Há exatos dez dias, o presidente Lula expulsou a embaixadora da Nicarágua no Brasil, Fulvia Patricia Castro Matu, em reação à mesma ordem dada pelo ditador Daniel Ortega, que retirou do país o diplomata Breno de Souza. Ortega decidiu mandar Souza embora, em virtude do não comparecimento de Lula ao aniversário da Revolução Sandinista, celebrado em 19 de julho.

O comportamento mostra que a relação de Lula com os vizinhos do Foro de São Paulo não anda muito bem, a exemplo de Nicolás Maduro. Há poucas semanas, o chavista criticou o sistema eleitoral brasileiro e, em resposta a um comentário de Lula, o mandou “tomar chá de camomila”.

A relação de Lula e Ortega, contudo, nem sempre foi assim.
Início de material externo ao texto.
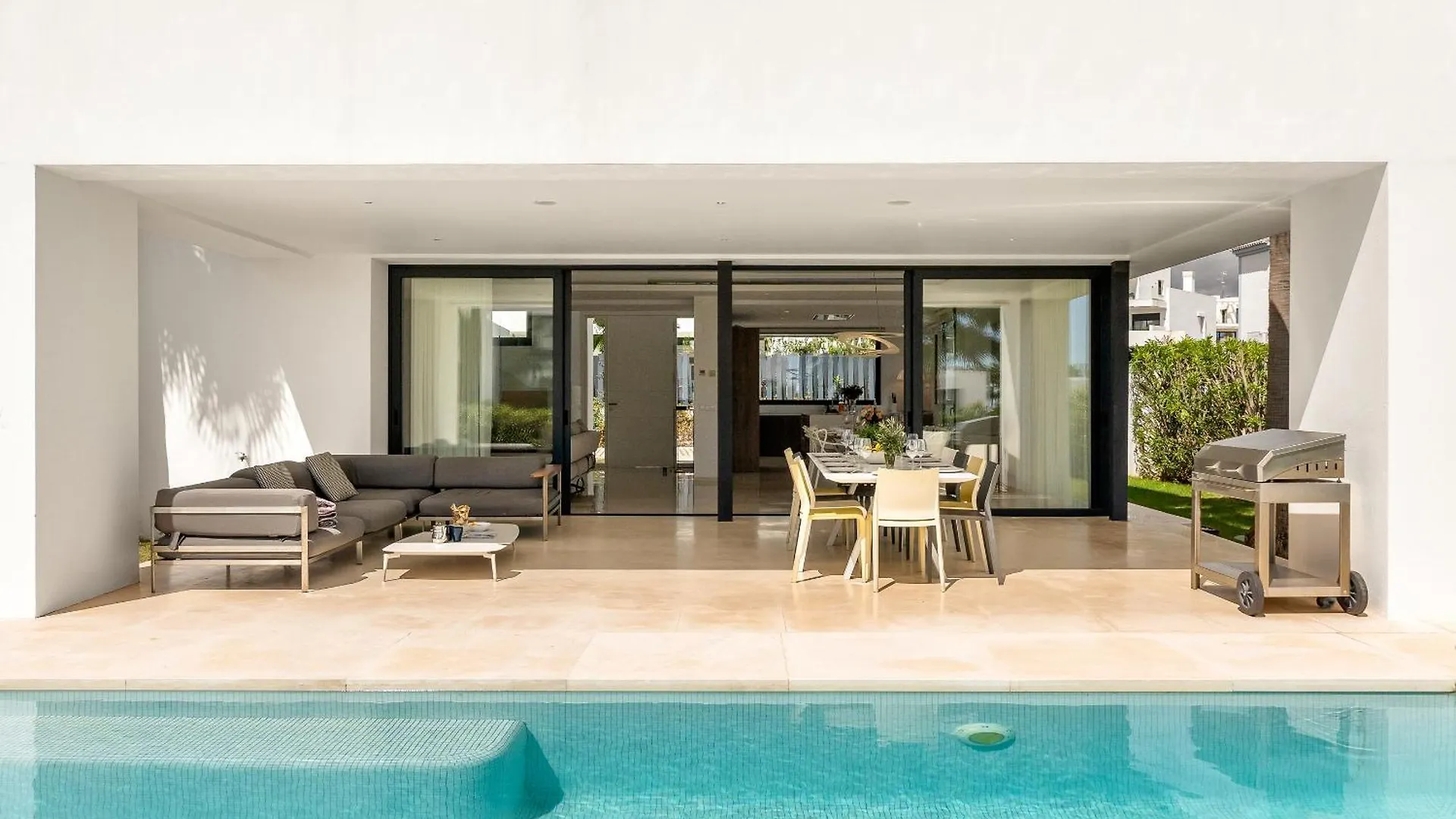 Villa Aurora - Marbella - Contemporary Villa In New Golden Mile Estepona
Em julho de 1980, o petista, na condição de presidente de seu partido, embarcou em um avião rumo à Manágua, capital da Nicarágua, para visitar Ortega e participar da celebração do início do regime.

“Aqui, conheci Fidel Castro pela primeira vez”, lembrou Lula, em outra viagem que fez à Nicarágua, em agosto de 2007. “Vivi todo o trabalho que Daniel Ortega fez naquele momento, para consolidar a Nicarágua como país soberano.”

O guerrilheiro Ortega

Para entender o trabalho de Ortega ao qual Lula se referia, é necessário compreender a Revolução Sandinista. Trata-se da luta armada, encabeçada pela Frente Sandinista de Libertação Nacional (FSLN). O termo sandinismo faz menção a Augusto César Sandino — guerrilheiro que lutou contra a influência dos Estados Unidos em seu país durante as décadas de 1920 e 1930.
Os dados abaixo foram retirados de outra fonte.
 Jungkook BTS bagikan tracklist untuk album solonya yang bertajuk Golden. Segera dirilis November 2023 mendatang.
Posteriormente, durante esse processo, Ortega surge como um dos principais nomes da guerrilha. À época, Lula pareceu interessar-se pelo que estava acontecendo na Nicarágua.
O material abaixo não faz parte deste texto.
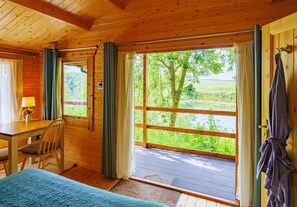 Internet, bed sheets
Em 1984, a Polícia Federal (PF) fez um relatório, sobre as viagens de Lula à Nicarágua e a Cuba. De acordo com o documento, Ortega o teria recebido e levado para uma área de confronto. “Segundo Lula, durante a viagem deverá aprender novos métodos políticos para aplicá-los no Brasil”, informa o relatório da PF.

Lula defende Ortega

Os anos se passaram e a relação entre os dois se fortalecia. Lula se manteve fiel ao laço diplomático. Um exemplo disso foi a defesa que o petista fez do ditador diante do então presidente Jair Bolsonaro, durante o debate na Band, em 2022. O atual chefe do Executivo disse que sentiu orgulho de ter participado do primeiro aniversário da Revolução Sandinista. 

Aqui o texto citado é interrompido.